Dans Études [4216, mai 2015, Le malaise européen, de la crise des dettes au défi de l’intégration, entretien avec Monique Castillo et Jean-Marc Ferry], à la question de Nathalie Sarthou-Lajous, « Quel est le danger de la privatisation des convictions ? », la réponse de J.-M. Ferry mérite attention : « La privatisation des convictions peut générer relativisme et scepticisme quant aux valeurs elles-mêmes, et dans d’autres groupes, induire une sectarisation, ferment par excellence des crises identitaires. D’une façon générale, une conviction, qu’elle soit ou non d’origine religieuse, n’a pas intérêt à la privatisation ; elle a plus à gagner à l’épreuve publique, parce que c’est cela qui la renforce. » [66]
Je suis entièrement d’accord avec J.-M. Ferry sur ce point. La « crise de la foi », chez nous chrétiens, et chez d’autres aussi, sans doute, vient d’une privatisation excessive de l’acte de foi. Il y a deux générations, ne comprenant rien à un culte en latin, chacun s’inventait sa relation à Dieu dans une morale strictement personnelle. Ne chantait-on pas « Je n’ai qu’une âme qu’il faut sauver » ? Depuis, le relativisme et le scepticisme ont effectivement fait leur chemin.

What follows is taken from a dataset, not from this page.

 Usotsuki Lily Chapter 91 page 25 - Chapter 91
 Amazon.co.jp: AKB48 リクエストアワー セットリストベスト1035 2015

Je prolonge cette réflexion de J.-M. Ferry par La joie de l’Évangile du pape François qui m’interpelle en évoquant sans détour, la mondialisation de l’indifférence [§54]. Pour soumettre ses convictions à l’épreuve publique, objectif que je fais volontiers mien, il faut avoir accès à l’espace public dans lequel se joue cette épreuve. Ma culture, mon niveau de vie, mes propres convictions m’y porte. Et s’il est vrai qu’à la fin de notre vie, nous nous jugerons sur l’amour, j’admets spontanément que ce jugement portera en partie sur cette mise à l’épreuve de mes convictions en actes dans l’espace public.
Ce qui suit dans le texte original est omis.